One of these clues is the increase in efficency which was being brought about by improved methods of manufacture and of business, and especially by the machine – above all by the power-driven machine. As we have already noted (in Chapter VIII) machines were constantly replacing men. A given number of people were becoming able to produce and distribute more and more goods. There is no need to present specific illustrations of this fact; the Technocrats of 1932 deluged the country with them. But it may not be amiss to remark that the tendency toward technological unemployment about which the Technocrats talked so furiously was not confined to industry; consider, for example how the output of American farms had been increased by the use of huge reapers and combines and also by the spread of knowledge about better farming methods; or consider how machinery and improved organization had likewise speeded up work in business offices. That the machine was an instrument for the production of plenty is undeniable – but that its increasing use was attended by economic strain is also undeniable. During the seven fat years the men whom it had thrown out of work had lost his job in the textile mill became an apartment-house janitor, the man who had been fired from the automobile factory ran a filling station, and so on. But the strain was there – and it was just barely met.”
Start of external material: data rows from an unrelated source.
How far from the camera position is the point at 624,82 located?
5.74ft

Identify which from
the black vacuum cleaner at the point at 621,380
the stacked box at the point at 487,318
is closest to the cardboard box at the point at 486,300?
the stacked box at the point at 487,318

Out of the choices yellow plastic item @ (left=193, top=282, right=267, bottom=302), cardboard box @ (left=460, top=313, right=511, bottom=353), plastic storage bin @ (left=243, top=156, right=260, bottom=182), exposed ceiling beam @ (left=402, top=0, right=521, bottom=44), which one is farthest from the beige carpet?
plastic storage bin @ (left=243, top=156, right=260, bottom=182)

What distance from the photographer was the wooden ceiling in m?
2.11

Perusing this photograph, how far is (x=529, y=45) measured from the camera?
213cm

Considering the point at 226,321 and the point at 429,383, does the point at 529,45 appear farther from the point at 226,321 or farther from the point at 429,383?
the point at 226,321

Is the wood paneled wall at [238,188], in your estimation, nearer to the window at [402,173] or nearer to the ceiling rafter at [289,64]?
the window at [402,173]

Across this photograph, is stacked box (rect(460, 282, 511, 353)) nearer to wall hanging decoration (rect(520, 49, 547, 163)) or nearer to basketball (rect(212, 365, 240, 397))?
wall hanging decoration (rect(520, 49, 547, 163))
It is worth noting that the weak recession of 2001 from the technology bubble bursting was propped up by a subsequent bubble in housing. Many that lost jobs in the field were able to retool and jump into the real estate industry either as brokers, agents, financiers, or ancillary support to a booming market. The barrier to entry was non-existent and the pay nearly matched up if not superseded the pay from the high-tech jobs. Those that lost jobs in manufacturing were able to jump into the construction field to boost up the home builders and the insatiable demand for housing. We had our own 7 fat years.
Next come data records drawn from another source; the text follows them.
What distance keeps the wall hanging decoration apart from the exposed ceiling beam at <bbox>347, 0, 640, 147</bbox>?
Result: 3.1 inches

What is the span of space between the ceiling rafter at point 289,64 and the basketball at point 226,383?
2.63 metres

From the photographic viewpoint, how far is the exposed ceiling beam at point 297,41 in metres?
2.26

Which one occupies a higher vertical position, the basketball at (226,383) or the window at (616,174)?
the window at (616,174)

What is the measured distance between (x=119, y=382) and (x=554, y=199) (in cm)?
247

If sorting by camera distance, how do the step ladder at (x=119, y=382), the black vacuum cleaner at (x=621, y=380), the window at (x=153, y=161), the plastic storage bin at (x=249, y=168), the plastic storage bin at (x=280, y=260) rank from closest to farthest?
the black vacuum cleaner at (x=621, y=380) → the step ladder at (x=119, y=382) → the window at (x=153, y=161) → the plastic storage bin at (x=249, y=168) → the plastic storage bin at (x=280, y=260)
“To meet it, the American economy had to expand. There had to be constant growth – new factories, new construction, new industries, new occupations, new expenditures. The moment this expansion stopped for any reason, the American economy would begin, so to speak, to die at the roots – to suffer from and increasing technological unemployment. Prosperity had to go ahead very fast to stay in the same place.
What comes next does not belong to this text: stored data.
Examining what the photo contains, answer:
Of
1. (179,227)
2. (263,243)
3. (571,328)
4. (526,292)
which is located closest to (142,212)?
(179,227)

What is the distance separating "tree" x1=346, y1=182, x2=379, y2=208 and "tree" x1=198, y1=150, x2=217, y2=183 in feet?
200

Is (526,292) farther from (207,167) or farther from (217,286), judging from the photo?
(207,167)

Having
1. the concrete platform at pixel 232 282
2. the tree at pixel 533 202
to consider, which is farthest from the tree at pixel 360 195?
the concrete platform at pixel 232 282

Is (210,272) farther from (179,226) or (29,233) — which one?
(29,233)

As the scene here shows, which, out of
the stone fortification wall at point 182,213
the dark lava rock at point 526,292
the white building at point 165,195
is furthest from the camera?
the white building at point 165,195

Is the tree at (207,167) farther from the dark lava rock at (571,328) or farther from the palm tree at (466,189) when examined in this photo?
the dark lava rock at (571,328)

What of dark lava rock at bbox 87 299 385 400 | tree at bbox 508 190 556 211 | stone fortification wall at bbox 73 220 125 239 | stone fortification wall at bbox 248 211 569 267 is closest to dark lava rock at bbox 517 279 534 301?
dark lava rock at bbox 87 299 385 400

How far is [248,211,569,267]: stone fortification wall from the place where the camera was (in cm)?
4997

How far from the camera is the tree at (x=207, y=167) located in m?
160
For years past, this expansion had been achieved with the aid of a huge inflation of credit, and in particular with the aid of the speculative boom in real estate and then of the boom in the stock market. It was as if a huge bellows were blowing upon the industrial system of the country, making the fires burn brightly. Meanwhile, however, this expansion had had other effects – and they, too, are clues to what happened when the bellows ceased to blow.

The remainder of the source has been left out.